Even though hostility toward Israel was peaking in the Arab world due to the brutal war in Gaza, bin Salman arrived at his meeting with Sullivan determined to advance a series of agreements with the US that would include an Israel normalization deal.
“Let’s finish this,” the NYT quotes him as having told Sullivan at the time.
The US and Saudi teams made significant progress on the bilateral security, economic and energy-related agreements with the US, with many of the outstanding issues resolved.
Palestinian children sit amid the destruction in the aftermath of an Israeli strike in the Bureij refugee camp in the central Gaza Strip on July 10, 2025. (Eyad BABA / AFP)
The main obstacle left was buy-in from Netanyahu, who Saudi Arabia wanted to end the war in Gaza and agree to establish a pathway to a future Palestinian state.
On May 19, Sullivan flew from Saudi Arabia to Israel in order to convey the message to Netanyahu. The premier initially responded positively to the US initiative, and on May 22, approved the truce plan that he had decided not to even present a month earlier due to a threat from Smotrich to collapse the government.
On May 27, the Israeli proposal was sent to Egyptian and Qatari mediators, who were enthusiastic about the chances for a deal.
Four days later, then-US president Joe Biden gave a speech publicizing the key details of the proposal and urging Hamas to accept it.
But the deal didn’t guarantee that the temporary truce offered by Israel would turn permanent and Hamas dragged its feet for over a month.
Still enticed by the prospect of a Saudi normalization deal, Netanyahu authorized Strategic Affairs Minister Ron Dermer to hold secret talks with UAE Foreign Minister Abdullah bin Zayed about the post-war management of Gaza — something he had been refusing to do for over six months due to concerns that it risked collapsing his government.
In early July, Hamas agreed to soften its position, forgoing its demand for an up-front Israeli commitment for a permanent ceasefire, thereby opening a window for an agreement.
Prime Minister Benjamin Netanyahu, left, and newly reinstated National Security Minister Itamar Ben Gvir in the Knesset plenum in Jerusalem, March 19, 2025. (Yonatan Sindel/Flash90)
“We may have a deal,” Netanyahu told Dermer at the time, according to the NYT.
But far-right National Security Minister Itamar Ben Gvir got wind of the development and rushed to try and thwart it.
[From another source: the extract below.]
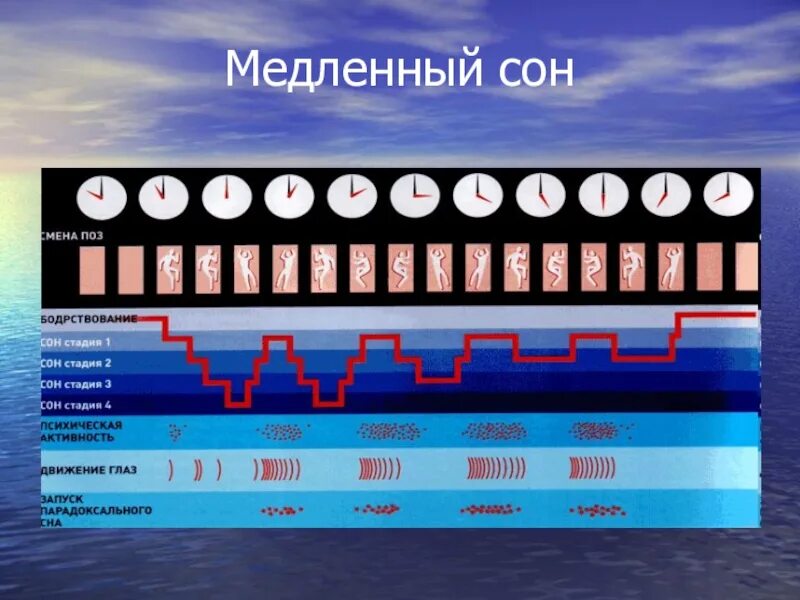 Чем характеризуется медленный и быстрый сон. Медленный сон. Фазы быстрого и медленного сна. Фазы сна быстрый и медленный сон. Картинки фазы сна быстрый медленный.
He tried to burst into Netanyahu’s Jerusalem office in order to speak his mind, but the premier wouldn’t allow him in. Ben Gvir was resigned to issuing a tweet condemning the “reckless deal,” adding that he was “working to ensure the prime minister has the strength not to fold.”
On July 28, a summit was held at the residence of Qatar’s ambassador to Italy in order to finalize the agreement, with Mossad chief David Barnea, CIA chief Bill Burns, Qatari Prime Minister Mohammed bin Abdulrahman al-Thani and Egyptian intel chief Abbas Kamel in attendance.
While the other participants arrived thinking that a deal was on the verge of being reached, a “sheepish and apologetic” Barnea instead handed the mediators a copy of a letter detailing six new demands from Netanyahu that derailed the process, NYT reports.
The demands included one for Israel to remain in the Philadelphi Corridor border stretch between Gaza and Egypt. While Israel’s security establishment had maintained that continued IDF presence there was not essential and could be quickly restored if need be, Netanyahu decided to turn the issue into a key sticking point in the talks.
US anger at Netanyahu peaked during an August 1 phone call that Biden held with the Israeli premier.
“Stop bullshitting me,” NYT quotes Biden as having told Netanyahu.